• _INFORMATION SHOWN_:
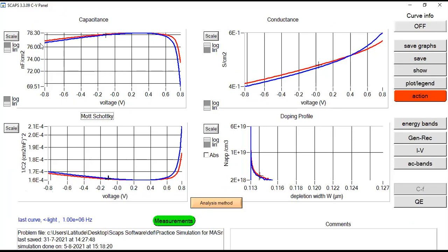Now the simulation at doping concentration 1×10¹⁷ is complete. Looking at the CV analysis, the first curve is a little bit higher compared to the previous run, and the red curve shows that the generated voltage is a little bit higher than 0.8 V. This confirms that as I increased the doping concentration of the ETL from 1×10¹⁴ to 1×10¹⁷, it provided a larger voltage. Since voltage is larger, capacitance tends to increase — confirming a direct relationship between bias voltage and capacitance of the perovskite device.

--

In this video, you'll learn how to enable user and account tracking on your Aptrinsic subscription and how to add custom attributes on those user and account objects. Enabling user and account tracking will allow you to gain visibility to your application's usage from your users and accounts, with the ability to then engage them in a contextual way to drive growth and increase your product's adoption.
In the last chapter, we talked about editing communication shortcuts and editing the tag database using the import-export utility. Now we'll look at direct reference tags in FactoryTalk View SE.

• _WHAT IS NEEDED_: Starting at the line above that contains "In this video, you'll", write out each line exactly until the line that contains "In the last" has been written, and stop there.

• _THE COMPLETED TASK_:
In this video, you'll learn how to enable user and account tracking on your Aptrinsic subscription and how to add custom attributes on those user and account objects. Enabling user and account tracking will allow you to gain visibility to your application's usage from your users and accounts, with the ability to then engage them in a contextual way to drive growth and increase your product's adoption.
In the last chapter, we talked about editing communication shortcuts and editing the tag database using the import-export utility. Now we'll look at direct reference tags in FactoryTalk View SE.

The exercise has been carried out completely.